If you tried to explicit the implicit lifetimes, you would get the following signature for get_common_prefix:

fn get_common_prefix<'a, 'b>(s1: &'a String, s2: &'b String) -> String { 
    ...
}

In particular, you can't swap these two values, because both borrows don't last as long as each other. Instead, you could do

fn get_common_prefix<'a>(s1: &'a String, s2: &'a String) -> String { 
    ...
}

Doing so will solve the issue, but will also throw a lot of other errors, because there are other issues with your code. Let's go through them one by one.
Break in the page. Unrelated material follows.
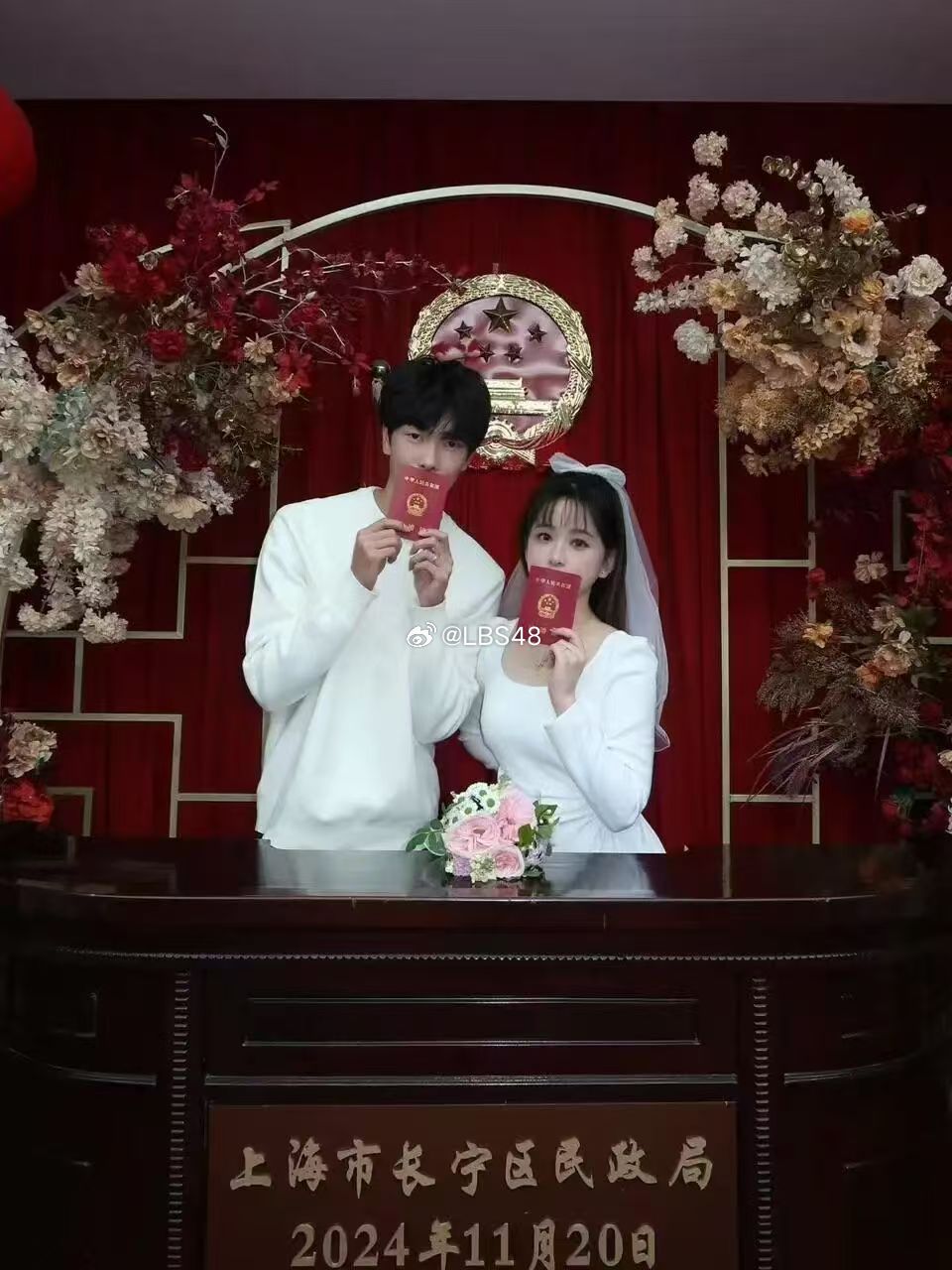 恭喜！申花小將朱啟文與前SNH48成員陳音領(lǐng)取結(jié)婚證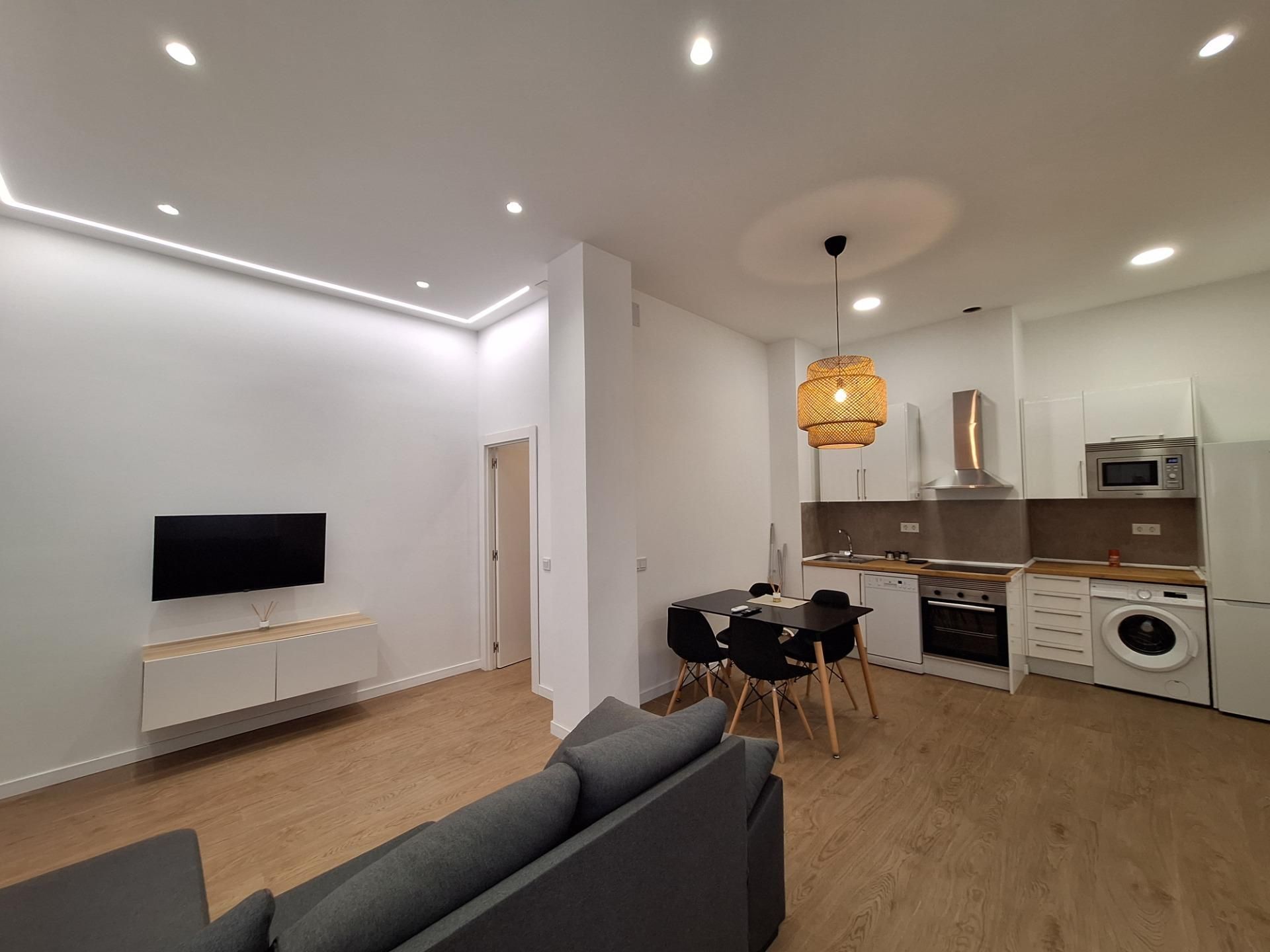 Living room of Flat to rent in Benalmádena  with Air Conditioner, Heating and Terrace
First of all, it will now complain that std::mem::swap(&mut s1, &mut s2); is illegal because

error[E0596]: cannot borrow `s1` as mutable, as it is not declared as mutable
 --> src/main.rs:4:24
  |
4 |         std::mem::swap(&mut s1, &mut s2);
  |                        ^^^^^^^ cannot borrow as mutable
  |
help: consider changing this to be mutable
  |
1 | pub fn get_common_prefix<'a>(mut s1: &'a String, s2: &'a String) -> String {
  |                              +++

error[E0596]: cannot borrow `s2` as mutable, as it is not declared as mutable
 --> src/main.rs:4:33
  |
4 |         std::mem::swap(&mut s1, &mut s2);
  |                                 ^^^^^^^ cannot borrow as mutable
  |
help: consider changing this to be mutable
  |
1 | pub fn get_common_prefix<'a>(s1: &'a String, mut s2: &'a String) -> String {
  |                                              +++

However, Rust is quite nice and tells you what to do in this case, declare both s1 and s2 as mutable:

fn get_common_prefix<'a>(mut s1: &'a String, mut s2: &'a String) -> String { 
    ...
}

The function get_common_prefix is now correct, but there is still an error in longest_common_prefix:

error[E0507]: cannot move out of index of `Vec<String>`
  --> src/main.rs:16:28
   |
16 |     let mut longest_pref = strs[0];
   |                            ^^^^^^^ move occurs because value has type `String`, which does not implement the `Copy` trait
   |
help: consider borrowing here
   |
16 |     let mut longest_pref = &strs[0];
   |                            +

The problem is that you are taking strs[0] from strs, but not removing it, which is illegal, because the first string would now be owned twice (once by longest_pref, and once by strs).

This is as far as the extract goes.